Former Lost writer Lindelof, who was brought in to tweak Jon Spaihts' first draft, told Entertainment Weekly that quite a bit changed between the initial Prometheus concept and the finished project.
"I thought it was really cool. It was not at all what I expected it to be. But obviously they were giving it to me for a reason. And this is one of those situations where you're given no advance sense of what they like, what they don't like, you just have to walk out on the plank and say, Here is my fundamental reaction to this thing. So when I finished it I went into my office and I wrote an email to Ridley and his producing partners. And this response was basically my job interview.
I wrote maybe a four or five paragraph email saying here are all the things I love about it, I think there are some incredible set pieces here, I love the fundamental idea behind the movie, I feel like it's a cool think piece.

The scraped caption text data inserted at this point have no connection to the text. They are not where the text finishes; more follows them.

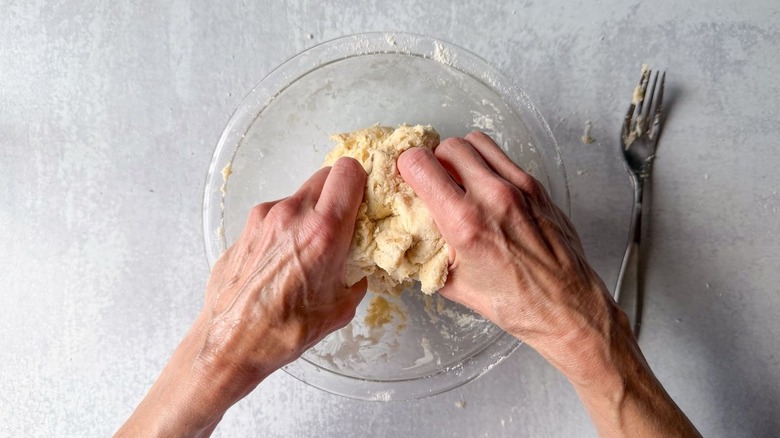 Mixing cardamom biscuit dough by hand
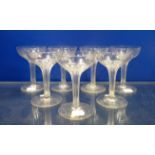 A GROUP OF HOLLOW-STEM CHAMPAGNE GLASSES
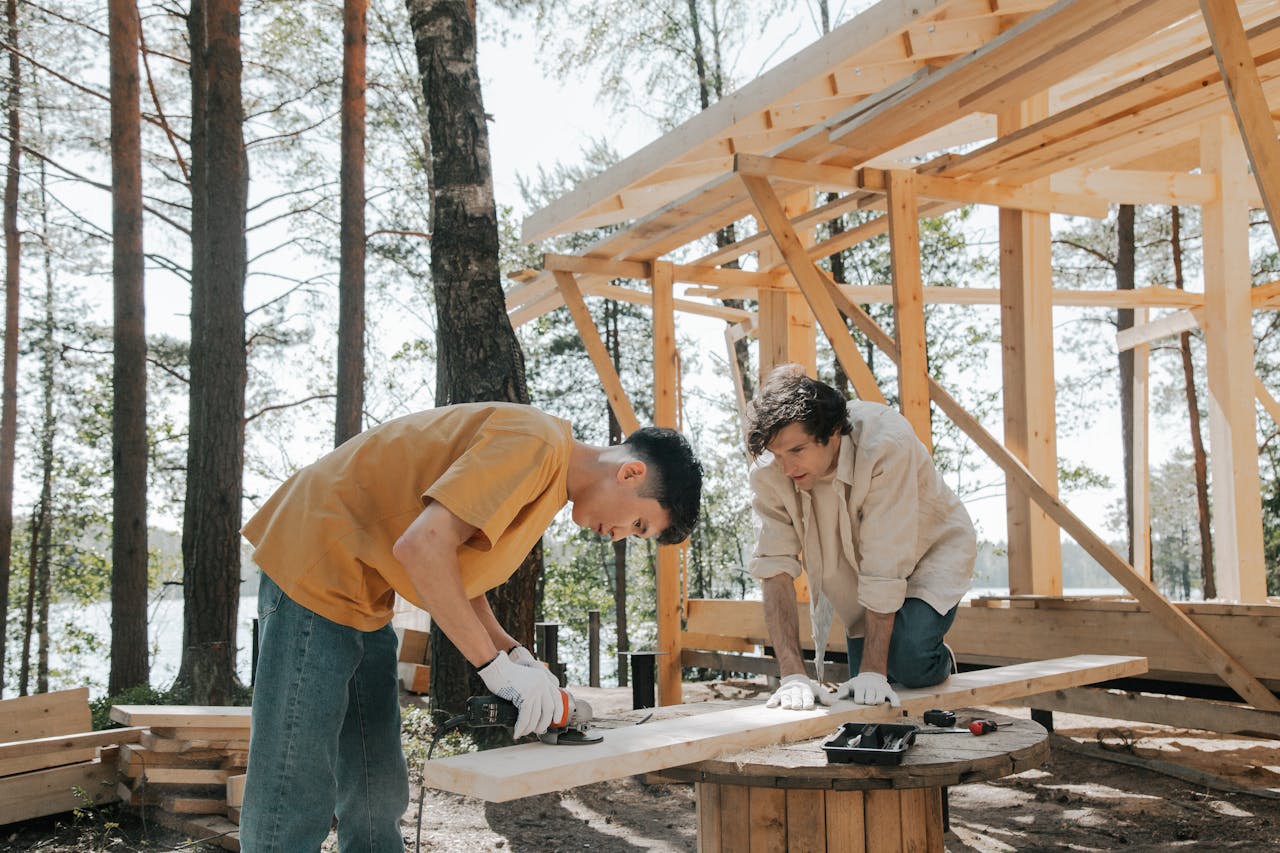Two carpenters working outdoors constructing a wooden frame in a forest setting.
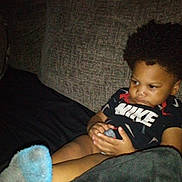 Tristan is registered to the contest to win money with this photo: black_clothing, blanket, casual, child, clothing, couch, expression, face, furniture, hair, home, indoor, legs, nike, person, portrait, relaxing, sitting, socks, toddler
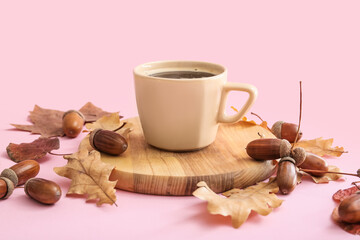 Cup of coffee with acorns and autumn leaves on pink background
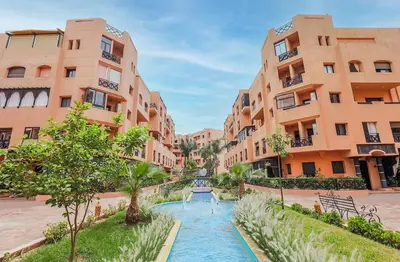 a street with two tall buildings and a river in front at Luxury Apartment in Marrakech Premium Village 5 Pools free Parking in Marrakech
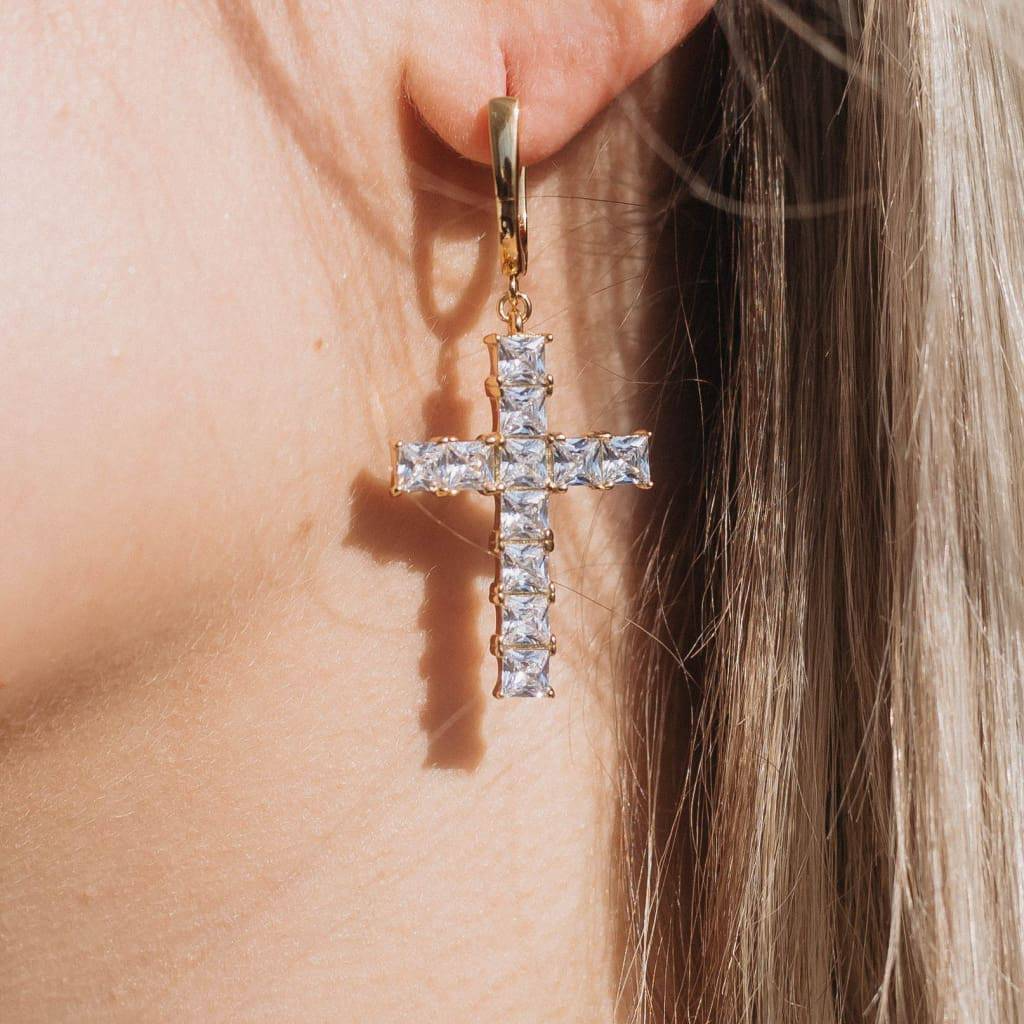 Close-up image of a person wearing gold cross-shaped earrings embedded with clear stones.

BUT I think it's relying a bit too heavily on the Alien stuff that we've seen now five or six times in different movies. Chest-bursting and face-hugging and xenomorphs and I just feel that your idea is so strong and the characters can be made so strong that we don't need any of that stuff. We can present iterations of that stuff in different ways.
That isn't to say that this isn't a movie that should be set in that universe, but I look at it more like a story that is running parallel to the original Alien, so that if there was a sequel to this movie, it would not be Alien, it would be Prometheus 2. And then Prometheus 2 is parallel to Aliens. And here's how we could do that. And so I sent off that email and I got into my bed. I didn't sleep at all. And at 10 a.m. the next morning, my agent called me and said, 'Whatever it is you did, they liked it. Can you go in and meet now?'"
Lindelof went on to say the biggest part of his job was playing down the traditional Alien clichés and helping Prometheus stand on its own ideas.
"The job that I was hired to do was to scale back the familiar tropes or symbology of what we think of when we think of an Alien movie. When I say Alien to you, you think face-hugger, chest-burster, eggs, acid blood, queen — the concentration of those things was much higher in Jon's script than they are in Prometheus."
The full interview is a great read. It gives quite a bit of insight into what could be one of the biggest sci-fi films of the year. Prometheus is set to open June 8.